Add Filename.quote_command function#1492
damiendoligez merged 3 commits intoocaml:trunkfrom
xavierleroy:quote_command

Conversation

@xavierleroy
Copy link
Copy Markdown
Contributor

As reported in MPR#6107 and MPR#7672, it is not easy to properly quote the command name and its arguments in a shell command executed through Sys.command or the Unix.open_process* functions. For a POSIX shell it is enough to apply Filename.quote on every argument. But for the Windows shell cmd.exe, additional quoting is required on top of that, as explained here.

This pull requests grants the feature wish from MPR#7672 by adding a Filename.quote_command function that takes a command and its arguments (as a list of strings) and produces a command line appropriately quoted for the shell that is going to parse and execute it.
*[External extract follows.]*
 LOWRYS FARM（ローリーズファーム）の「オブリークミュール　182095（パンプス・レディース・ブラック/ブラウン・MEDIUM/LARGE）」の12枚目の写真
Documentation of Sys.command, Unix.system and Unix.open_process* was updated to encourage the use of Filename.quote_command.

Preventive FAQ

Q: why string list -> string and not string array -> string for consistency with Unix.exec?

A: it felt right. MPR#7672 suggested string list. It's easier to build a list (with :: and @) than an array. Perhaps it's Unix.exec that is wrong in its use of a string array.

@dra27
Copy link
Copy Markdown
Member

dra27 commented Nov 27, 2017

This is a great leap forward, though the essay I've just spent an hour writing still needs more investigation, so for now a holding comment to say that I've been looking at this, and to link to the original issue ocaml/dune#322 which led to MPR#7672 and which isn't (yet) addressed by this GPR.

The TL;DR is that this still doesn't entirely deal with nasty escaping cases - to give a brief example, consider the correctly formatted Sys.command "\"\"C:\\Evil \"^%\"PATH\"^%\"PATH\"^%\" Dir\\foo.exe\"\"" which calls the program C:\Evil %PATH%PATH% Dir\foo.exe which can't (I think) at present be arrived at using Filename.quote_command. For why this might matter, consider that dir "25%-50% growth data.txt" looks for a file called 25%-50% growth data.txt but

set -50="&rd/s/q %USERPROFILE%\Documents&"
dir "25%-50% growth data.txt"

tries to erase your home profile...

@xavierleroy
Copy link
Copy Markdown
Contributor Author

Your example is too complicated for me to follow. Can you make it shorter? Like 2 characters long? Also, is the problem in the quoting algorithm given here or in my implementation of it?

@dra27
Copy link
Copy Markdown
Member

dra27 commented Nov 30, 2017

I can't make it much shorter, no! The issue is the combination of:

  • embedded % characters to defined environment variables (which, I think is mentioned in the article you link but then overlooked - I think that the implementation shown there is therefore buggy)
  • spaces (so an executable filename which requires quotes to be executed)
  • (quoted arguments, though I already simplified that example by not including one)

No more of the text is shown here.